━━━━━ EXERCISE DATA
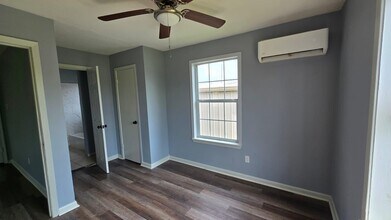 Building Photo - 1012 Ann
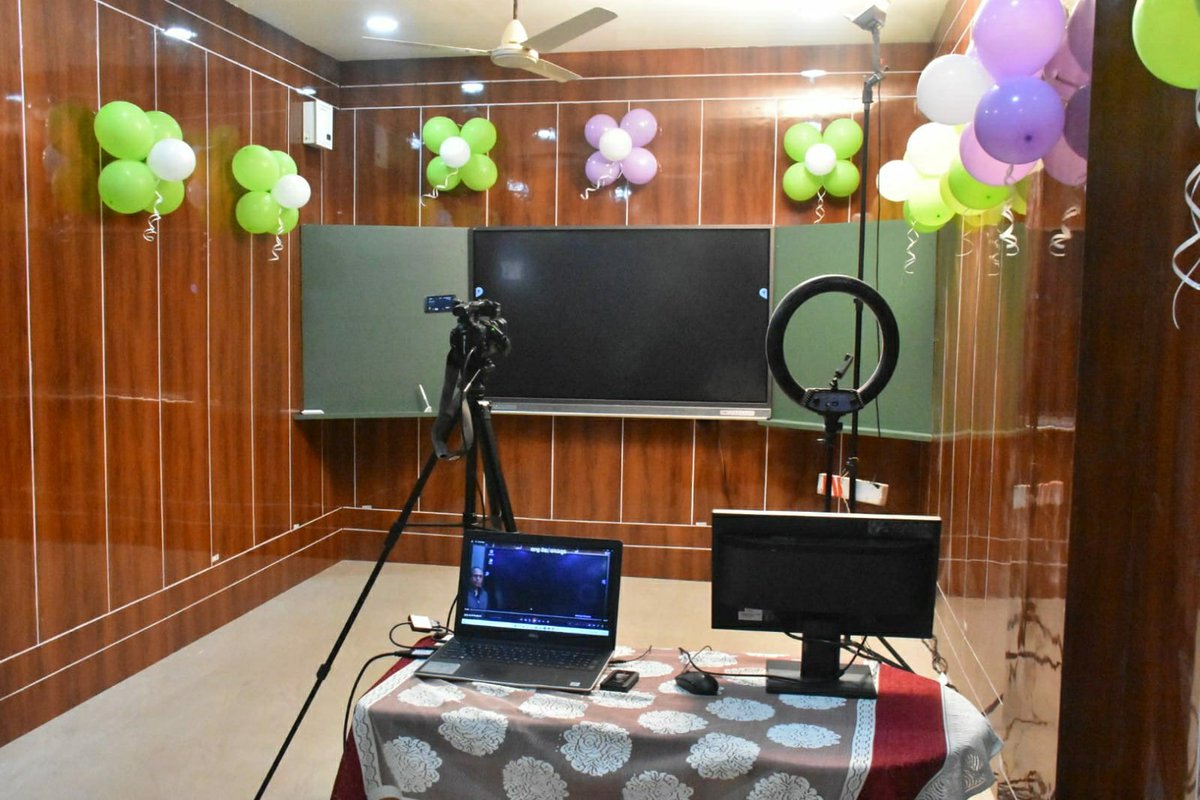 DmSambalpur's tweet photo. Today Collector inaugurated District Digital Studio . in this studio live streaming classes, online classes, virtual meeting  etc will be conducted which will be helpful for teacher, students and other stakeholders.@CMO_Odisha @SMEOdisha @IPR_Odisha https://t.co/kxiKEy3Z5Q
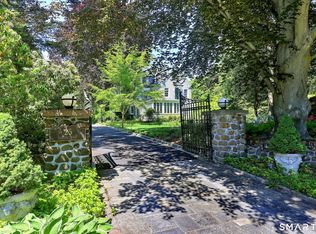 25 Center Road, Woodbridge, CT 06525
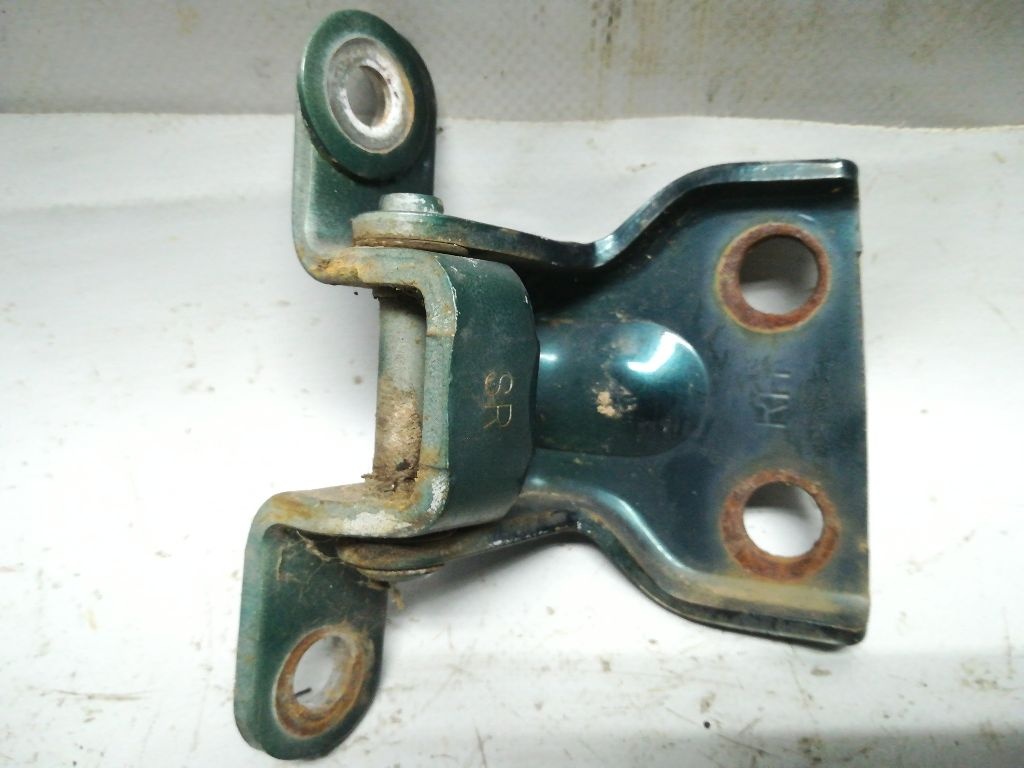 Петля двери к Kia Shuma 1999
━━━━━━━━━━
(EXERCISE GOAL) Only the lines from the line with "25 Center Road, Woodbridge, CT 06525" through the final line of the material belong in the answer, copied exactly and without pictures.

(RESPONSE TO THIS EXERCISE)
 25 Center Road, Woodbridge, CT 06525
 Петля двери к Kia Shuma 1999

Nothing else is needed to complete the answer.